The immersion is achieved mostly by stereoscopic projection, giving the user an illusion of spatial depth.
There are several different methods of obtaining the stereoscopic image:
 Active projection with shutter glasses,
 Passive projection with polarized glasses,
 Personal projection.
The personal projection ensures the highest level of immersion. Helmets for the personal projection are
named Head Mounted Displays (the “info-helmet” notion has been also proposed in the literature [4]). The
HMDs work on the basis of two separate display screens, put in front of the user’s eyes. Two separate images
need to be supplied to these displays, to make the user see a stereoscopic image. The feeling of immersion is
achieved mostly by tracking the user’s head movements and changing the view accordingly. The user is placed
inside a virtual world which surrounds him completely. The user can move freely around and all the time he
sees an image from the direction he is looking in.

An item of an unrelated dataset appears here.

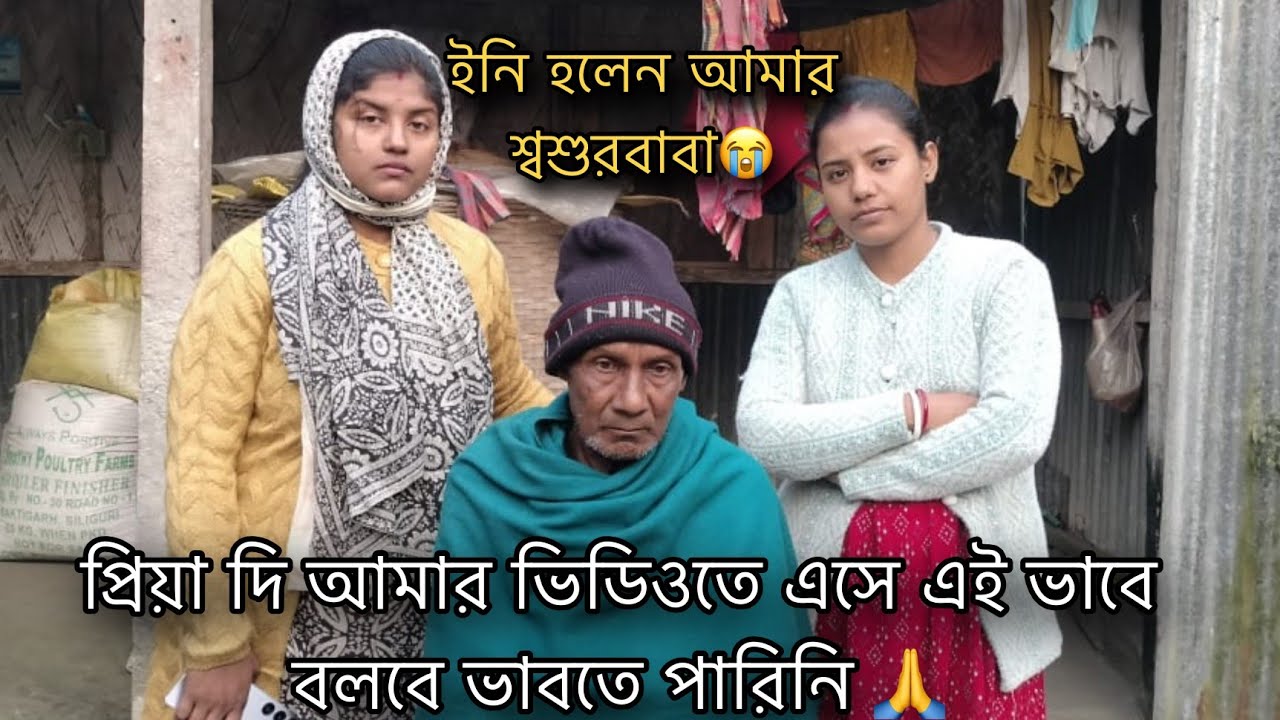 ।।। আজকে শশুর বাবা কে প্রথম বার নিয়ে আসলাম তোমাদের সামনে ।।।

An example of the HMD device is shown in the fig. 1.

Grajewski D., Górski F., Zawadzki P., Hamrol A./ Procedia Computer Science 00 (2013) 000–000

Fig. 1. nVisor MH-60V HMD available in the Poznan University of Technology
Another solution for personal projection are the CAVE™ systems. They resemble small rooms with large
screens in place of walls. Basic systems have three walls, more advanced systems also have a roof and a floor.
Rear projection is used to generate the image on all active walls. The user is surrounded by three-dimensional
image of surroundings and is equipped in a special glasses which help him to see the stereoscopic image. The
glasses are also equipped in the position trackers, much like in the HMDs – to ensure the image changing in
front of the user’s eyes when he changes his position. The system requires at least three projectors to generate
fully synchronized image, sometimes a cluster computing is required to make the display smooth in real time.
An example of the CAVE projection is shown in the fig. 2 [5].

Fig. 2. CAVE™ system – principles [5]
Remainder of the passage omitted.